Canned food upper body exercises.

.8 ounces,
23 grams
6 ounces,
170 grams
10 3/4 ounces,
305 grams
1 pound,
453 grams

18 ounces,
510 grams
1 pound 12 ounces,
754 grams
5 pounds,
2.27 kilograms

  • You may use different sizes and weights of cans depending on how strong you feel. Hold the can of food (whatever weight you are comfortable with - so you may start out with a can of soup, then later with a large can of tomatoes). Or you may find it easier to use a light, but larger container, like the oatmeal carton.
  • Sit if you are more comfortable. Stand if you feel strong. Hold your elbows firmly against the side of your body. Hold the can of food so that it is parallel with the ground and you are holding the round ends of the can or object. Slowly curl the object towards your chest keeping your elbows against your sides (don't let your elbows move with the activity), then lower to waist height. Repeat 5-10 times. Do more repetitions as you feel stronger and stronger, or increase the weight of the object you are using.
  • Using two cans. If the arm that has had lymphedema is weaker, use a lower weight can in that hand. Stack one can on top of the other. Hold the higher of the two cans in the position in front of you, then stack the other can on top of it. Again hold the higher can in the same position and stack the other can on top of it.
  • When you feel stronger and with the permission of your provider or therapist, you can use a longer object to get more movement. You can be creative in what you choose to use for the longer object. It may be a staff, a broom, an arrow, a flute, a pipe, or any other object you feel comfortable holding and moving.

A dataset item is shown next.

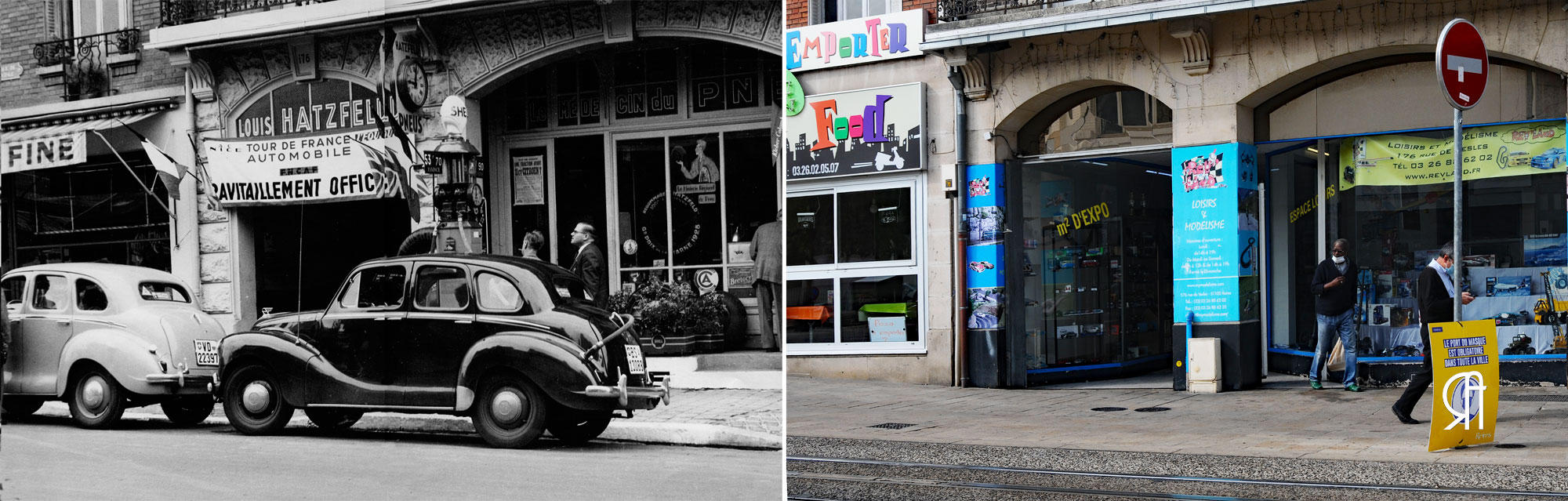 Rue de Vesle, le ravitaillement officiel du Tour de France automobile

  • Hold the long object vertically (sitting or standing) and walk your hands on top of one another to climb to the top of the object and then down to the bottom of the object.

    "Fatter" objects (like the flute) use fingers differently than tinier objects (like the arrow).

  • Hold the long object in the middle with both hands about 6 inches apart. Rotate the long object alternately like a kayak paddle. You can also use a rolled up towel (length wise) for this activity. Pull the towel taunt so that it is stretched out. Now just rotate it like a figure 8 directly in front of your body. Then pull the lower part as though you are paddling through water.
Body rotation.
  • Hold the long object close to its ends out in front of you so that it is parallel with the ground. Slowly turn your body with the object to the right hold the position for 3 to 5 seconds, then rotate to the left, again, hold the position for 3 to 5 seconds.